### Work instruction
Pull every line holding the string "Matteo" from the records below.

### Dataset excerpts

"""

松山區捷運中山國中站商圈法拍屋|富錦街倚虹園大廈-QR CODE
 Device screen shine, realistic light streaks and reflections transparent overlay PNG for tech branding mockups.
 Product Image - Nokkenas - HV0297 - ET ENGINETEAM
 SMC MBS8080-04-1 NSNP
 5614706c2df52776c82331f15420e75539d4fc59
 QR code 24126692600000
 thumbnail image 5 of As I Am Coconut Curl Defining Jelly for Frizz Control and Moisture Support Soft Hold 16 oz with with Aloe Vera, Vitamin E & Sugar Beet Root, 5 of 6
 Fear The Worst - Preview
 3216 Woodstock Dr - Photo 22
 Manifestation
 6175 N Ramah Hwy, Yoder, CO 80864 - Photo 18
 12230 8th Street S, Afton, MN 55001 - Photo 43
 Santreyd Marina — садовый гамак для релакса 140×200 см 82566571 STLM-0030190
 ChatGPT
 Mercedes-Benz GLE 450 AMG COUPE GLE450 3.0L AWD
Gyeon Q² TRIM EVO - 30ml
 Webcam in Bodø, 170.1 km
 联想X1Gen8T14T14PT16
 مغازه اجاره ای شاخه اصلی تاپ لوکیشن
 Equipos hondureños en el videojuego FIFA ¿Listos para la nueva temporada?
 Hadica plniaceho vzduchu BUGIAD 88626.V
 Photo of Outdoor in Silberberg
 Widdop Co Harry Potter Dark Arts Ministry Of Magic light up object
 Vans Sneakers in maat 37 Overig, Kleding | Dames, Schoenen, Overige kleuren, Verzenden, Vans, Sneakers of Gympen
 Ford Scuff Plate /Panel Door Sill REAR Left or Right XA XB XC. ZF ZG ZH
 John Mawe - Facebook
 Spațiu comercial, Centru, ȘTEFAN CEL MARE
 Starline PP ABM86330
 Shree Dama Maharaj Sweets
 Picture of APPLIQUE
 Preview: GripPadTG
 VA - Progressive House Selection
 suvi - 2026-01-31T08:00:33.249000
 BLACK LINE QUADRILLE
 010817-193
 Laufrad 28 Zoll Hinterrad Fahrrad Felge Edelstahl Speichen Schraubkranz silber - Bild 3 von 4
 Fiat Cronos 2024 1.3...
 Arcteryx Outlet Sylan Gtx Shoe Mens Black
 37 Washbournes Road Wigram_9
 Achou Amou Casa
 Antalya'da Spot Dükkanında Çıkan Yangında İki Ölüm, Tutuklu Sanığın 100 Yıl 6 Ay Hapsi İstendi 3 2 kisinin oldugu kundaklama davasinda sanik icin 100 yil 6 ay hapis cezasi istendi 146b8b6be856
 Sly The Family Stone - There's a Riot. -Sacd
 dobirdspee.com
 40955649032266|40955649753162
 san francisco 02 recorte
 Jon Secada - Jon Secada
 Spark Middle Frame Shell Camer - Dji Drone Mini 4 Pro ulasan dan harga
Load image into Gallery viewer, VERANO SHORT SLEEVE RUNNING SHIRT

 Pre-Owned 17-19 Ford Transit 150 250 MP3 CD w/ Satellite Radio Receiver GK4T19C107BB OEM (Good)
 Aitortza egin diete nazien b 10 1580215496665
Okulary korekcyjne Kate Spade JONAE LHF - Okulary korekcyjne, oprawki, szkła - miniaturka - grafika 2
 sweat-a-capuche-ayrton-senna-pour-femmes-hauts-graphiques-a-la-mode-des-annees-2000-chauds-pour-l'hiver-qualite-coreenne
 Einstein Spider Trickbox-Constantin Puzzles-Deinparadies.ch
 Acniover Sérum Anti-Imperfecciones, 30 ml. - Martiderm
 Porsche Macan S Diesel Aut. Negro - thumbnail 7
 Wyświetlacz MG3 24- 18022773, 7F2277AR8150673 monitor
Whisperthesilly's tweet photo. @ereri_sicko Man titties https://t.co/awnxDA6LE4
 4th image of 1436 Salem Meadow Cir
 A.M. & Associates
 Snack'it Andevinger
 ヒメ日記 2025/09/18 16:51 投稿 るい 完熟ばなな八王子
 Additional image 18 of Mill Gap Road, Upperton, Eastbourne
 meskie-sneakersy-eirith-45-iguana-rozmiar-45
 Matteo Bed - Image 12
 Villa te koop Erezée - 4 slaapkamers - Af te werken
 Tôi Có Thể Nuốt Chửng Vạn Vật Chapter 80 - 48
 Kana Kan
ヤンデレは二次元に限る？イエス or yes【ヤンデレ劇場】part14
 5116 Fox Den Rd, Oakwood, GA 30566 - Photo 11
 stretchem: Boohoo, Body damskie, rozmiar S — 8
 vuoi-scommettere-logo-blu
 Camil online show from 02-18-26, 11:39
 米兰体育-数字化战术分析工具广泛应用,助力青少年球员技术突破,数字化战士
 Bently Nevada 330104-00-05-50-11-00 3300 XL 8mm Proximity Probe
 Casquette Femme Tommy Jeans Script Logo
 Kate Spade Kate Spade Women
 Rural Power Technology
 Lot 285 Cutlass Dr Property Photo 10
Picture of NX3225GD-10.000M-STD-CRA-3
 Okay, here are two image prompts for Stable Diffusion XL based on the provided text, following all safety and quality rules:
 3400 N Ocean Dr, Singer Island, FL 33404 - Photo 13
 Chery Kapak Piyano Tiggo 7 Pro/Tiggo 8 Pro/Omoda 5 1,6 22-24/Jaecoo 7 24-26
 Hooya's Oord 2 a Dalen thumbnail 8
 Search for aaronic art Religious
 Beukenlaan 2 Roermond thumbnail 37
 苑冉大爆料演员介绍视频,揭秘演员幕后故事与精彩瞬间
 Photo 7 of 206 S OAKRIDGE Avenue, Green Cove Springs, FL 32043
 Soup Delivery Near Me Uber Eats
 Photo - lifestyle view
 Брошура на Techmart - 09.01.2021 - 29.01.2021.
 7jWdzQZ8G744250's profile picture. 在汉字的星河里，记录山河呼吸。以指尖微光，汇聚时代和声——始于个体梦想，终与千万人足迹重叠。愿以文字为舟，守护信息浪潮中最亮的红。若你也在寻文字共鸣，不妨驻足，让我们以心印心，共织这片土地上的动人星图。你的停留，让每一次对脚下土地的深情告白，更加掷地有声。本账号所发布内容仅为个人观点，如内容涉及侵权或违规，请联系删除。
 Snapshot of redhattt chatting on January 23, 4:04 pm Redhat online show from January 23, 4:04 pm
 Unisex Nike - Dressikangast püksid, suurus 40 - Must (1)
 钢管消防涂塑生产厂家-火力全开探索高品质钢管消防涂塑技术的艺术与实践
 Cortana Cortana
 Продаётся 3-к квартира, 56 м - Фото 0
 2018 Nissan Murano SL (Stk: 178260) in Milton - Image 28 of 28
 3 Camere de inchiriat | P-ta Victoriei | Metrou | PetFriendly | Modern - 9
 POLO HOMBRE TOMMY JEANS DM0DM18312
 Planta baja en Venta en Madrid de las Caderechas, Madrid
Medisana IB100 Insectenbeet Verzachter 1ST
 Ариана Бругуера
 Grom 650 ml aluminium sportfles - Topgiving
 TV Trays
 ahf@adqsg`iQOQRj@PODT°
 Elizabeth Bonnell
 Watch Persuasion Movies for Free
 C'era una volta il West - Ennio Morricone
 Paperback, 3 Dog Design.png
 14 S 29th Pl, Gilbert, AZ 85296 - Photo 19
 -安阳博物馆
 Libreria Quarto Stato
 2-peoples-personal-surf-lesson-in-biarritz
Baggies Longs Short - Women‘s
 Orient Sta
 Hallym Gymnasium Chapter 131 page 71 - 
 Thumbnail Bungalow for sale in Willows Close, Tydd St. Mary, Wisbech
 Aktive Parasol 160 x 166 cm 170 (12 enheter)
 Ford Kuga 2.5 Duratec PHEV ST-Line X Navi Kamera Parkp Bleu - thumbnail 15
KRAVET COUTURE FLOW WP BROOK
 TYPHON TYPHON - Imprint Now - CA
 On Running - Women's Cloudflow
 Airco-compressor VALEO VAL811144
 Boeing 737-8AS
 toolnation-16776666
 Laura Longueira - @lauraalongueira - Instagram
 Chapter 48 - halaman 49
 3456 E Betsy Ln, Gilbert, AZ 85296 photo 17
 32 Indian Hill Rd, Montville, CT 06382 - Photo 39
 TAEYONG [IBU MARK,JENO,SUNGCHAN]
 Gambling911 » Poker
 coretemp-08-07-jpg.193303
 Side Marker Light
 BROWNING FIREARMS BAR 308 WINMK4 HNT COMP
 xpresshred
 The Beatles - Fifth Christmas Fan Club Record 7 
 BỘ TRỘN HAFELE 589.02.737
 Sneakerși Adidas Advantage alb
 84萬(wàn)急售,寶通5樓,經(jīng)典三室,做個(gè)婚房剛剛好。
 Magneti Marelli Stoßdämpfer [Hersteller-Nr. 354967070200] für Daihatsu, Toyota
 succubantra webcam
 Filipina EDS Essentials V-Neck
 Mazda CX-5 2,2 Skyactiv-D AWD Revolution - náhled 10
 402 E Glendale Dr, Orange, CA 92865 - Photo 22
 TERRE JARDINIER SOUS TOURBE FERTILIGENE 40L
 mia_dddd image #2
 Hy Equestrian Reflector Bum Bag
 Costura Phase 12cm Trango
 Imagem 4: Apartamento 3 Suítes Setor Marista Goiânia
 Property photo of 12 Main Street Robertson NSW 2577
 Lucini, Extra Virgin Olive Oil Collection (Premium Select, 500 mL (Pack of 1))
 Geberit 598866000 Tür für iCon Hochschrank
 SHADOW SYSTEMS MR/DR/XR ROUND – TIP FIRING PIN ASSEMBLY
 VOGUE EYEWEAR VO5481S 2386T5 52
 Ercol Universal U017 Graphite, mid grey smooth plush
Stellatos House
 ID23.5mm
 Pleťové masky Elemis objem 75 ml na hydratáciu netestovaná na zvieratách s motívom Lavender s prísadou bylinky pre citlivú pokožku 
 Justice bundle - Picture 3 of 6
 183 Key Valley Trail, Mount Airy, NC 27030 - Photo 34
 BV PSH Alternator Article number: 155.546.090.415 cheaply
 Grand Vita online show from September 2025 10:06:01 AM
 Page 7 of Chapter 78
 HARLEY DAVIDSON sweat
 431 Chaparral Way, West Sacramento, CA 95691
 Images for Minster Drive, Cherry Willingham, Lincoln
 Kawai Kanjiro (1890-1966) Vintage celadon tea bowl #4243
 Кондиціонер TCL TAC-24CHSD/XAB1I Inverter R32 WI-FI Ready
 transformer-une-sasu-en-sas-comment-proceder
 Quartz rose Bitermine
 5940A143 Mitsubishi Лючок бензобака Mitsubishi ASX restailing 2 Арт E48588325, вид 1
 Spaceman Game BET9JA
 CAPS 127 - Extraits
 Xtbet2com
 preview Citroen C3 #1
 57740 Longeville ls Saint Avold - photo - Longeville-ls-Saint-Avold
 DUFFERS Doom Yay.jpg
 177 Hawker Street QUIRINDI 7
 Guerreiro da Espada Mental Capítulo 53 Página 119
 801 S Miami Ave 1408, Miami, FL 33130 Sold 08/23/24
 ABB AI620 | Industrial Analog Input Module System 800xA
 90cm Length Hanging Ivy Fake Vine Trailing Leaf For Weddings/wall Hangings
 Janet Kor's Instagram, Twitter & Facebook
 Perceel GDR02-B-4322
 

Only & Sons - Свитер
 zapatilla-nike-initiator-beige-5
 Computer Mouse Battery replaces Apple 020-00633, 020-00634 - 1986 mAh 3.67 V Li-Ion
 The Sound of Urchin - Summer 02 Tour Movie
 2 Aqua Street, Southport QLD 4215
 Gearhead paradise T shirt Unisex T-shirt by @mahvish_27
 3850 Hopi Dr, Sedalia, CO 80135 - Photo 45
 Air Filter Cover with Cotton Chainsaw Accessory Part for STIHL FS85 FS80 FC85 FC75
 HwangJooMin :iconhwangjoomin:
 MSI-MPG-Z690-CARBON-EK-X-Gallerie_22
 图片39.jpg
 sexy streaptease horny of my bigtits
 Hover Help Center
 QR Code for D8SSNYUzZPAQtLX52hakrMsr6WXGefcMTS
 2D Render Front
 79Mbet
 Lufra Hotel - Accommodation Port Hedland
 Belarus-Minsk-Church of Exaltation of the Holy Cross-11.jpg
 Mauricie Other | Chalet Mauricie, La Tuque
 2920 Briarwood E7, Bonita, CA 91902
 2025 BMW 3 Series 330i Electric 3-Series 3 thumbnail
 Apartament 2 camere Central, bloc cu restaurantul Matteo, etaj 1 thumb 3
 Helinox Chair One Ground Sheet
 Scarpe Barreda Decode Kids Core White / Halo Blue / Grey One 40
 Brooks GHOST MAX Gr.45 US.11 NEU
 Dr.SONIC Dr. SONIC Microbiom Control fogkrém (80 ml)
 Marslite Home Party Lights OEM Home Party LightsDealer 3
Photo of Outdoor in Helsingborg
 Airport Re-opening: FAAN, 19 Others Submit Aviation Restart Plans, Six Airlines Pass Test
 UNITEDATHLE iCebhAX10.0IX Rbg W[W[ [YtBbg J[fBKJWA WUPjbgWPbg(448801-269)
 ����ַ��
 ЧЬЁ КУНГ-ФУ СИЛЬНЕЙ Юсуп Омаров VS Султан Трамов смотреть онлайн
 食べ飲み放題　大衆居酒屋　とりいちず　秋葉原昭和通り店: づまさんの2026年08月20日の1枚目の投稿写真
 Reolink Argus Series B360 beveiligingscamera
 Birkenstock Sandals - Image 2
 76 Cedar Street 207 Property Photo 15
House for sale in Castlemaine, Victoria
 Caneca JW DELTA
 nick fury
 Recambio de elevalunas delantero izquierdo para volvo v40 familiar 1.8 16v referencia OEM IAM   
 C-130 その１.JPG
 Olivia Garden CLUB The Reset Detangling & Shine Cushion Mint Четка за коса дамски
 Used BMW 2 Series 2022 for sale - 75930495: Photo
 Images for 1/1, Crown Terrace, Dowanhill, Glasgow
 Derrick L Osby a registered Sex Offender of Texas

"""

### Answer to this exercise
 Matteo Bed - Image 12
 Apartament 2 camere Central, bloc cu restaurantul Matteo, etaj 1 thumb 3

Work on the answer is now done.